Está en boca de todos: la nueva temporada de ‘Black Mirror’ es un regreso al estado de buena forma de las temporadas clásicas (es decir, las británicas) de la serie creada por Charlie Brooker. Después de un aterrizaje en Netflix un poco deslucido (pese a que tuvo momentos como mínimo notables, como el interactivo ‘Bandersnatch’), y una pausa durante la que el propio Brooker declaró que no tenía nada que criticar (o dicho de otra forma: el enemigo había vencido), lo cierto es que ha vuelto con energía renovadas. Y el enemigo en casa.
El secreto de esta nueva temporada no solo es que explora texturas complementarias pero distintas a la ciencia ficción limpia habitual en la serie, como en el estupendo episodio ‘Demon 79’, sino que se fija otros objetivos. La habitual obsesión de la serie con las redes sociales, internet y la despersonalización de la sociedad por culpa de la tecnología, y que en los últimos tiempos había mutado en un luddismo algo ramplón ha encontrado nuevos blancos a los que dirigir los dardos.

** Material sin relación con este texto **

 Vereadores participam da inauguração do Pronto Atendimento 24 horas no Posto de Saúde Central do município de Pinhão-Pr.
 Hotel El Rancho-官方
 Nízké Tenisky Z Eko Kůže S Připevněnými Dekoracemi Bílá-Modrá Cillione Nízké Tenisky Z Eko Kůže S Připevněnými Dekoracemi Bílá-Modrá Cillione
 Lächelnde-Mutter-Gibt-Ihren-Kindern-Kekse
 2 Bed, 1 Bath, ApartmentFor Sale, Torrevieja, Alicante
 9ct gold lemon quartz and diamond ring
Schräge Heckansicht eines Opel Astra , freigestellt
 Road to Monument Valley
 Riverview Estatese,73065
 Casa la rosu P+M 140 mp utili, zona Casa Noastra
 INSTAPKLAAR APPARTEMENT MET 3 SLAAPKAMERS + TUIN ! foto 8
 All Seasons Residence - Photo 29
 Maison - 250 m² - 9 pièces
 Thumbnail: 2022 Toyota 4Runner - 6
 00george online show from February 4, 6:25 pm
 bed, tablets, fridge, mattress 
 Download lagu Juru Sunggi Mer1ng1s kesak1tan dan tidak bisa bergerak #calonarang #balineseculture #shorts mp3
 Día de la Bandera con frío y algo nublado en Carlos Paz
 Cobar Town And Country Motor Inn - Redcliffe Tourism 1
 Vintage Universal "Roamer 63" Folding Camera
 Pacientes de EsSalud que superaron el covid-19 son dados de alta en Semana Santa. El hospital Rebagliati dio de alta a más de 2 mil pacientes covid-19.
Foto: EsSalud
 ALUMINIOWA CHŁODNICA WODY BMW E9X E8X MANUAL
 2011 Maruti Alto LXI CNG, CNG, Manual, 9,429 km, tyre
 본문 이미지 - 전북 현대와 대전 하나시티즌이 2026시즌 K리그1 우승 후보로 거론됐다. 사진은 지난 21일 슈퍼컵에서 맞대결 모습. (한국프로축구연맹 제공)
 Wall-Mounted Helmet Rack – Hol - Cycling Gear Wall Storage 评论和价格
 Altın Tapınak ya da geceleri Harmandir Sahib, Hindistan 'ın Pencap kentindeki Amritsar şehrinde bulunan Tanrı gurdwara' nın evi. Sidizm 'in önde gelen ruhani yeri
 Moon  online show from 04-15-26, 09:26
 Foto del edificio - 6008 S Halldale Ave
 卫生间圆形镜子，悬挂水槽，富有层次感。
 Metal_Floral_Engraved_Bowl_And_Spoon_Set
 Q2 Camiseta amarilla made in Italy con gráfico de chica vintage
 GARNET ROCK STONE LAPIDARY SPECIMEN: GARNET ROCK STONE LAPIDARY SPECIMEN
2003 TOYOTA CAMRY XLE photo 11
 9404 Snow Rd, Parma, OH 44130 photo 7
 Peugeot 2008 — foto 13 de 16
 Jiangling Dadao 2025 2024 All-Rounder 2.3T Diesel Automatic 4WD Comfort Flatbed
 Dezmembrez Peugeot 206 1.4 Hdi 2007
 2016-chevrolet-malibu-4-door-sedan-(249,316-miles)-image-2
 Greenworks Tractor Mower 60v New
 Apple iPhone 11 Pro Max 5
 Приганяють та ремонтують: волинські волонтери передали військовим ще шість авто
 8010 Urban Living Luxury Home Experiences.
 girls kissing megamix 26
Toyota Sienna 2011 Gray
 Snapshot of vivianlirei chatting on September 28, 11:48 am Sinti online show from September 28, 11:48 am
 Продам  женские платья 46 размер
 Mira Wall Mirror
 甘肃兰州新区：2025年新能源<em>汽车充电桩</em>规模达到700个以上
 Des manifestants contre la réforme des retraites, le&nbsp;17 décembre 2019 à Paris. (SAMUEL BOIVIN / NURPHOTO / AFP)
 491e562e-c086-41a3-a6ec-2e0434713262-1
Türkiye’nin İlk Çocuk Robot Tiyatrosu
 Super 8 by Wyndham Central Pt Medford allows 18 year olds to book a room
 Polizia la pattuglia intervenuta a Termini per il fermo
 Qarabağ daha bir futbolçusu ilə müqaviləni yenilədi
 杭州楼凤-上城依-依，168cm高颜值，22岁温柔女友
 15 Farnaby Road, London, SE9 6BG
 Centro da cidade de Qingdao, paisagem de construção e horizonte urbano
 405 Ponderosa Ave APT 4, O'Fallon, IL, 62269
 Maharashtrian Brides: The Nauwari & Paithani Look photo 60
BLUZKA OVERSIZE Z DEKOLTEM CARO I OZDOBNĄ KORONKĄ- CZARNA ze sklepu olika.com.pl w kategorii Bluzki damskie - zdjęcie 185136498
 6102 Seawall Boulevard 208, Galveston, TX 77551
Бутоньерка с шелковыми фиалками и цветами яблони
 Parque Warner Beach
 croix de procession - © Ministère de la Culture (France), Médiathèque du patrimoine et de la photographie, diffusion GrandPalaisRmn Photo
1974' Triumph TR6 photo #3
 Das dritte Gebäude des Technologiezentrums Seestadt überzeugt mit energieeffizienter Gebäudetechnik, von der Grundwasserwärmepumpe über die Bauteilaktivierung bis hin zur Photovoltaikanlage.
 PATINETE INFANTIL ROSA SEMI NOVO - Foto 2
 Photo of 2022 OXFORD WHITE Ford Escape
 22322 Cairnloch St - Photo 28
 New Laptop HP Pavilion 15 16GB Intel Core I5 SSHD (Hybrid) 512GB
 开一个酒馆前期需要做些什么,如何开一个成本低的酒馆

En el caso del soberbio primer capítulo de esta temporada, ‘Joan es horrible’, apunta a la mismísima Netflix. Se trata de una historia que bebe de los clásicos esquemas de la serie, una espiral de paranoia y engaños que asfixian a un individuo, en este caso la Joan del título. Es una jefa déspota con una vida privada basada en mentiras y que un día, en una plataforma de streaming cuyo parecido con Netflix no es nada casual, Streamberry, descubre una serie en la que Salma Hayek replica su día con todo detalle.
Por supuesto, en una plataforma tan vista al estilo Netflix, al día siguiente Joan ha perdido su trabajo, sus amistades y su pareja. Y aquí viene el intríngulis: cuando intenta poner coto a la serie, se encuentra con que la plataforma de streaming está blindada legalmente para espiarla y usar su imagen porque así lo ha consentido en las condiciones de uso al contratar el servicio.
La metáfora está clara, entre otras cosas porque no hay metáfora: literalmente, el episodio habla de Netflix como una corporación maquiavélica que roba nuestros datos para su beneficio. Por supuesto, el episodio sigue en una espiral de delirios que entra en un simpático recurso meta, pero el mensaje básico es tan ácido que el propio Brooker se extrañaba en unas declaraciones recientes para Empire de que Netflix no le hubiera puesto ninguna cortapisa.
«No hubo ninguna oposición, que yo supiera», afirma. «Lo cual es un poco decepcionante, porque estaría bien poder decir: lo hice de todas formas… ¡porque soy anarquista! Pero no». Así que ahí lo tenemos: Charlie Brooker descubriendo el terrible poder omnívoso de la industria del entretenimiento, capaz de devorar cualquier conato de rebeldía para convertirlo en un producto. La rueda sigue girando, amigos y amigas.